Diese Mikroskopaufnahme des Forscherteams zeigt menschliche Nervenzellen – eine Astrozytenzelle (gelb) und Gliazellen (blau)– im Gehirn einer Ratte.
picture alliance / ASSOCIATED PRESS / Pasca Lab/Stanford Medicine via AP

Gehirn-Organoide
Menschliche Hirnzellen in Ratten-Gehirne transplantiert

Forschende haben funktionale Gehirn-Chimären aus menschlichen und tierischen Zellen geschaffen. Das soll der Erforschung von Krankheiten dienen.

13.10.2022

Forschende der Universität Stanford haben erfolgreich menschliche Hirn-Organoide in das Gehirn junger Ratten verpflanzt. Die menschlichen Hirnzellen verwuchsen mit den tierischen Hirnzellen so gut, dass sie in Experimenten messbar an Hirnreaktionen der Ratten beteiligt waren. Die Autorinnen und Autoren der am Mittwoch in der Fachzeitschrift "Nature" erschienen Studie verwendeten dafür wenige Tage alte Ratten. Transplantationsversuche mit ausgewachsenen Tieren waren bislang weniger erfolgreich.

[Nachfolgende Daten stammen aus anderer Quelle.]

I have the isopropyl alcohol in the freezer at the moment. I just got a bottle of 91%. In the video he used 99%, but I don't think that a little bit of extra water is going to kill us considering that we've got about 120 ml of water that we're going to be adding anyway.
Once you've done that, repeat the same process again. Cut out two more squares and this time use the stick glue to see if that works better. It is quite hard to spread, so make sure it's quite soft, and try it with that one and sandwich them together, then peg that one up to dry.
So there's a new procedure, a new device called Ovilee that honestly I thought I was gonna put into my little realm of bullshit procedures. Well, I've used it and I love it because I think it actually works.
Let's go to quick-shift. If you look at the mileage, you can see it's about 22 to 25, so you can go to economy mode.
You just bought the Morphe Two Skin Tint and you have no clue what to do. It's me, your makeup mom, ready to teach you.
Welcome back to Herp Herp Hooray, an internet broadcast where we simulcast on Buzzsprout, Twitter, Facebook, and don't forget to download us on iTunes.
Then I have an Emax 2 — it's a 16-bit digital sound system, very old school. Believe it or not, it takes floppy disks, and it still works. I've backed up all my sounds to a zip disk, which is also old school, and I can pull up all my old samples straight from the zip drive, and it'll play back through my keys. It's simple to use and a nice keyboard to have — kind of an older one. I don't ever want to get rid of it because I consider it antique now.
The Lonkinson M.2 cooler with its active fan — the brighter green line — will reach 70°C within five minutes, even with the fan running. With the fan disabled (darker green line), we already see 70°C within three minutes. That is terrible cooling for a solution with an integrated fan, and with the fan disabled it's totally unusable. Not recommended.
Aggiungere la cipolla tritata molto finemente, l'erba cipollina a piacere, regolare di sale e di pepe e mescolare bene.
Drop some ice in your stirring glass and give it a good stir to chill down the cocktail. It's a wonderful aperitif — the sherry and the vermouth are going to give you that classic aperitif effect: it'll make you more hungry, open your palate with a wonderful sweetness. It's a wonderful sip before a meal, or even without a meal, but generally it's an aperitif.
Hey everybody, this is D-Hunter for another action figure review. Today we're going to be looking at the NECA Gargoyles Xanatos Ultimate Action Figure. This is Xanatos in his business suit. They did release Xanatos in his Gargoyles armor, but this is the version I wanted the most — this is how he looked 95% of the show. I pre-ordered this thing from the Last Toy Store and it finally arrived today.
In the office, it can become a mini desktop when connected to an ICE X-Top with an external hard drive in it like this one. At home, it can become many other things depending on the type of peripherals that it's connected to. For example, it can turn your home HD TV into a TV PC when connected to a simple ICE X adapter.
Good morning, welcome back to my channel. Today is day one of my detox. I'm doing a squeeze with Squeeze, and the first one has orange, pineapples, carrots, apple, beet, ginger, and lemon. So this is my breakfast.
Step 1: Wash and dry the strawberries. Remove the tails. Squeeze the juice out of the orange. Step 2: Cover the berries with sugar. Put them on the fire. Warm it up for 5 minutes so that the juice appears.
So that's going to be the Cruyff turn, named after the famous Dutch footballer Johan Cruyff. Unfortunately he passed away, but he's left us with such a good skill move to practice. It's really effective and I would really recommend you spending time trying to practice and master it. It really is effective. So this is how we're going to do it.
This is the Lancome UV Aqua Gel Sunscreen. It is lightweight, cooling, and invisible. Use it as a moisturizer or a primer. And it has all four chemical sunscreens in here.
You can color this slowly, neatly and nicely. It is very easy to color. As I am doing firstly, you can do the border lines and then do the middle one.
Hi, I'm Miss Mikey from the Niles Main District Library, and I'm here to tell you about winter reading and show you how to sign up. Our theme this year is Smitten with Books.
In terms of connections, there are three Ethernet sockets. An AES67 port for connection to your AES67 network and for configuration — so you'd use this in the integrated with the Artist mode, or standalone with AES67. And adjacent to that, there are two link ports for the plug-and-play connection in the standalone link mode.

Von der Forschung mit sogenannten Hirn-Chimären, bei denen artfremde Hirn-Gewebe gemischt werden, verspricht sich das Team um den Mediziner und Verhaltensforscher Professor Sergiu Pașca ein besseres Verständnis des menschlichen Gehirns und eine Einschätzung, wie gut die transplantierten Hirn-Organoide als Labormodell für echte Gehirne taugen. Organoide sind dreidimensionale Organ-ähnliche Gewebe, die Forschende aus menschlichen Stammzellen generieren. In diesem Fall wurden die Stammzellen zu verschiedenen Arten von Nervenzellen weiterentwickelt, so dass sie zusammengenommen grob dem Aufbau des menschlichen Gehirns ähnelten.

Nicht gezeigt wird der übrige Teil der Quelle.